[[ Data records open ]]
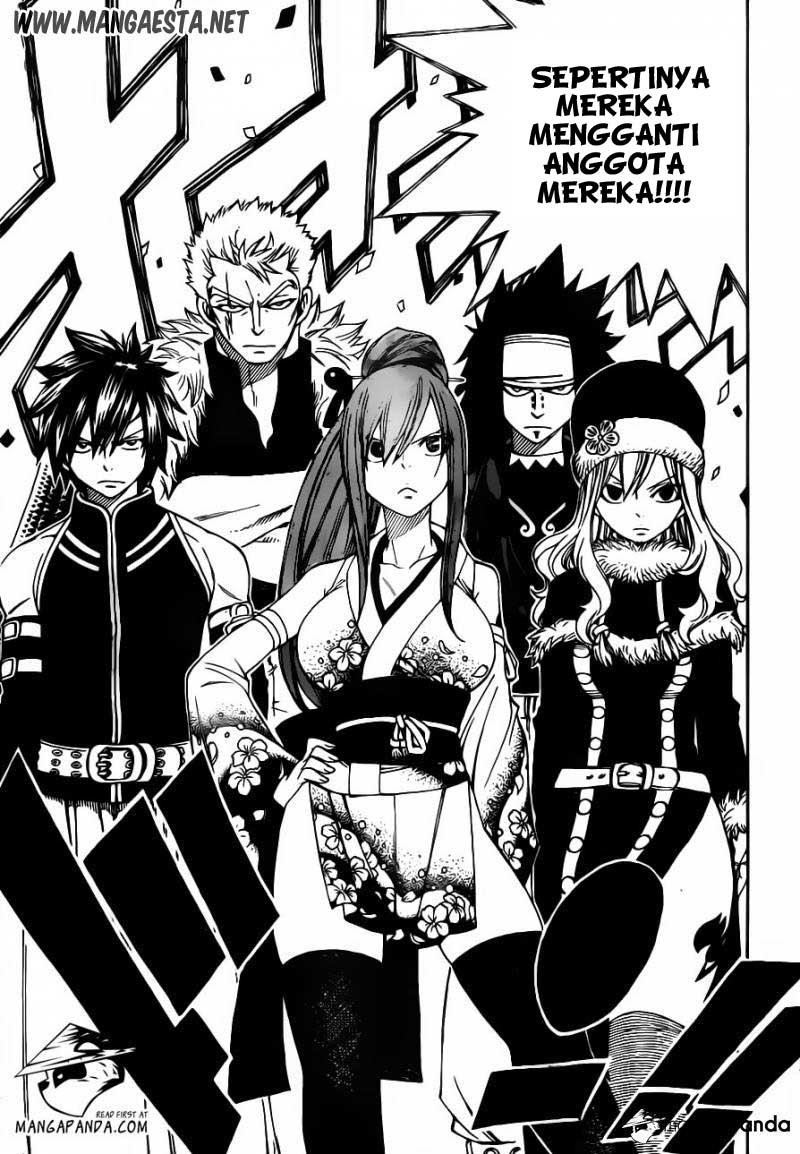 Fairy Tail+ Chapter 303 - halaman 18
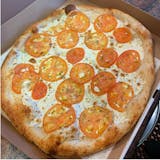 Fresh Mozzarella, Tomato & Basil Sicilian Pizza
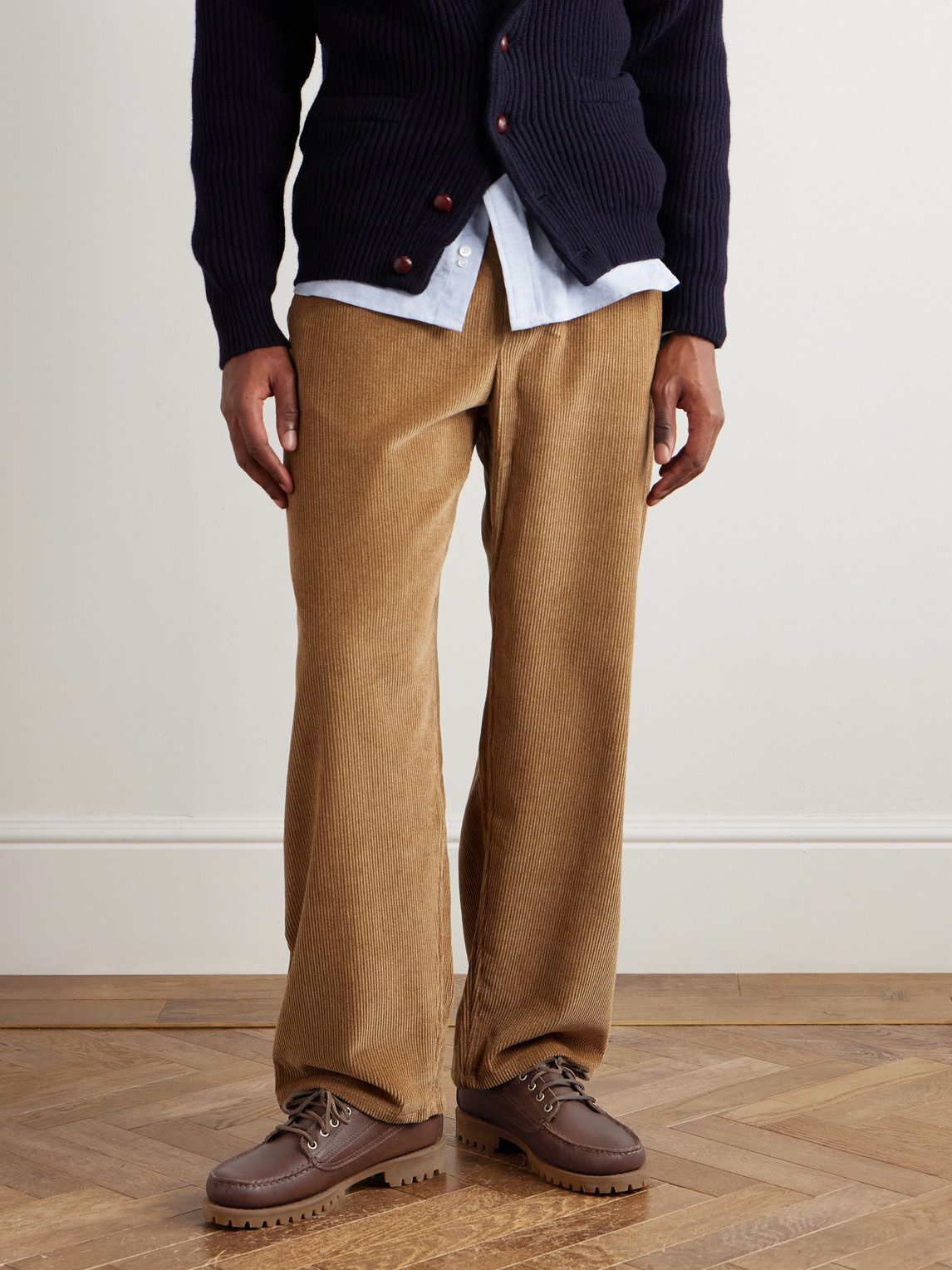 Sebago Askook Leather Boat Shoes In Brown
[[ Data records closed ]]
[[ Data records open ]]
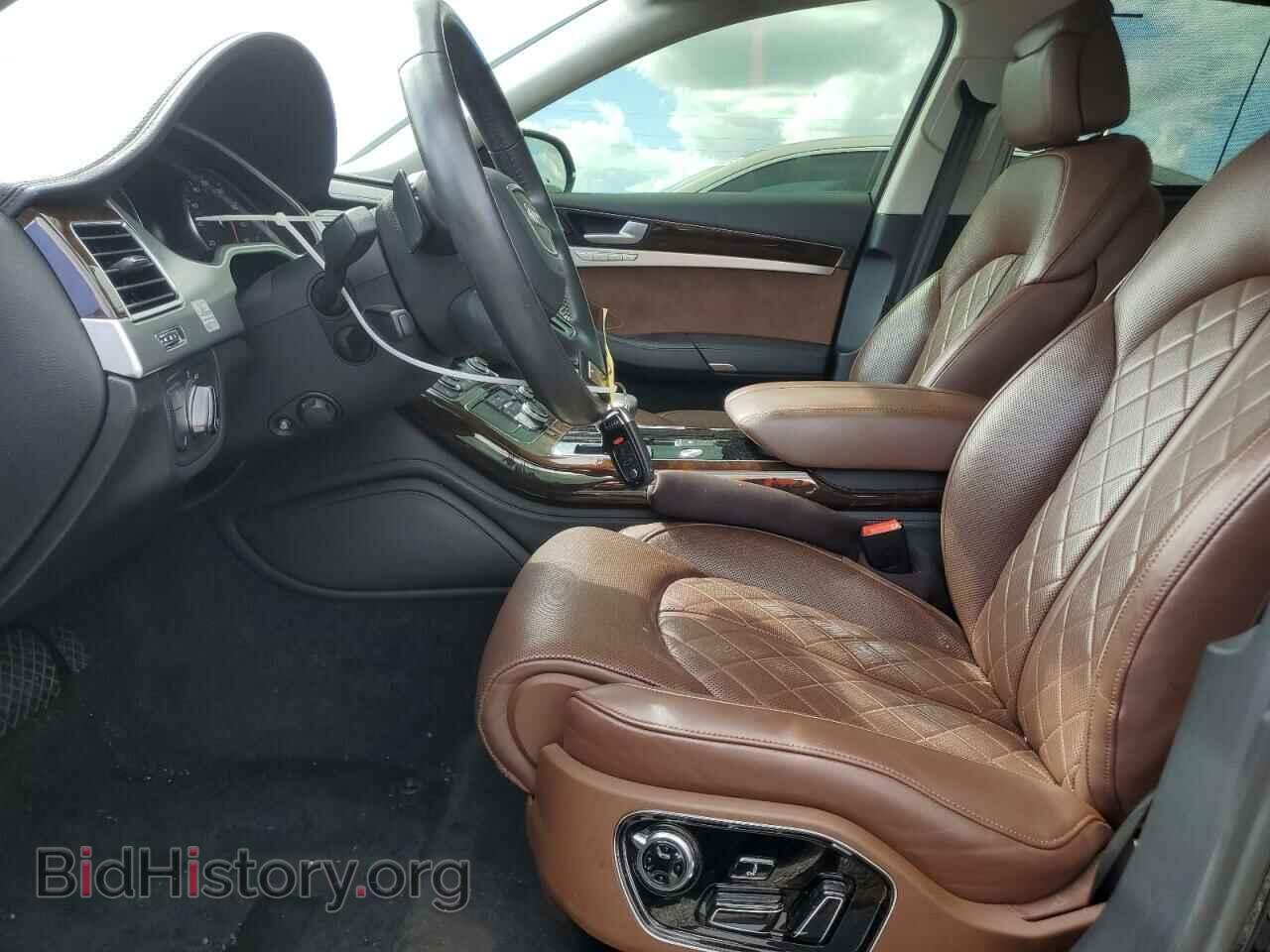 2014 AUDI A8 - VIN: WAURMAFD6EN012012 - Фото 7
[[ Data records closed ]]
[[ Data records open ]]
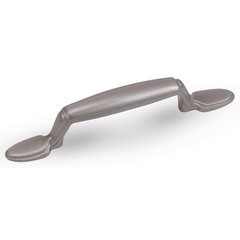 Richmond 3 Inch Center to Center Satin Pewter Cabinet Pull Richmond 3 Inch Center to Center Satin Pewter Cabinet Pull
[[ Data records closed ]]
• What you are asked to do
Return the stretch of data that begins with the line showing "Fairy Tail+ Chapter 303 - halaman 18" and goes on through the line showing "Sebago Askook Leather Boat Shoes In Brown", exactly, with pictures removed.

• Finished task
 Fairy Tail+ Chapter 303 - halaman 18
 Fresh Mozzarella, Tomato & Basil Sicilian Pizza
 Sebago Askook Leather Boat Shoes In Brown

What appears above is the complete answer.